Google Books Ngram datasets

moultano · on Dec 19, 2010

Here's some fun I had with the viewer: http://moultano.blogspot.com/2010/12/history-through-google-...

I've always kind of scoffed when people complain that a history teacher didn't make what they were learning "relevant" or "relatable" but after playing with this for the first time I understand the benefits. At this point in my life, making something "relatable" means expressing it in terms of term frequency statistics and graphs, so this totally blew me away. I was obsessed with it to the point of mania for the first 24 hours. I believe in history now. :)

Smerity · on Dec 19, 2010

This is hugely exciting news. I previously used Google's Web1T corpus in NLP experiments and the restrictive license limited a number of potential uses.

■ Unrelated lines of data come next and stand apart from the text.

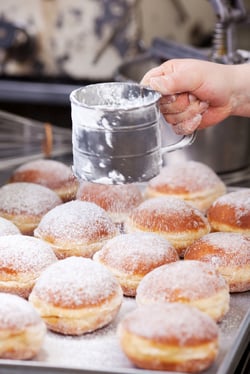 Baker is poring powdered sugar over doughnuts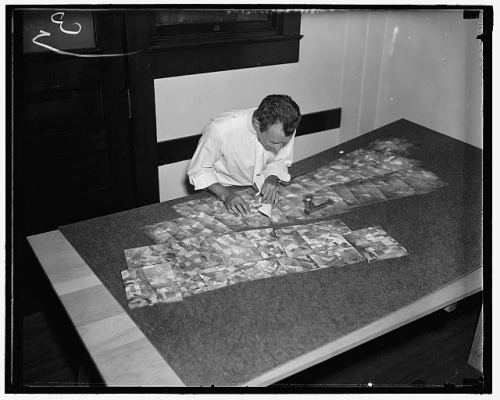 An AAA worker piecing together prints from the $3,000,000 map.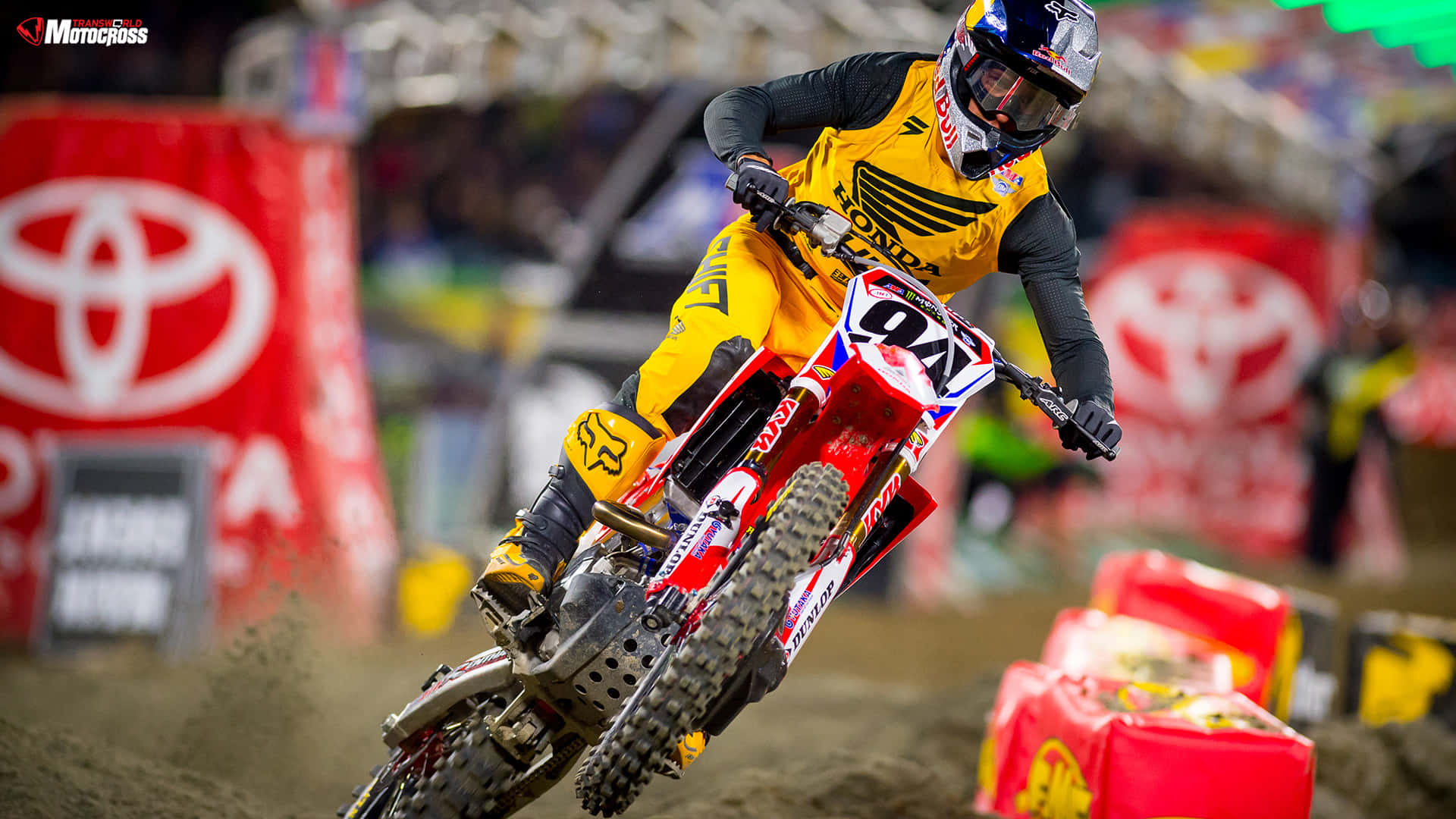 Ken Roczen 展現越野摩托高超技巧 壁紙 — 身穿黃色裝備的越野摩托車手在體育場賽事中，騎著紅色越野車傾斜入彎，濺起泥土。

This new corpus has a temporal aspect (as it keeps the track of a word's usage over a given publication year) and is additionally under the Creative Commons license. I'd love to see this become the basis of a large scale database benchmark / competition or open source linguistic application.

kristopher · on Dec 19, 2010

Lots of interesting treasures hidden in this dataset. For example, here is Benford's Law:

http://ngrams.googlelabs.com/graph?content=1,2,3,4,5,6,7,8,9...

kraemate · on Dec 19, 2010

For anyone in NLP (Natural Language Processing), this is a goldmine.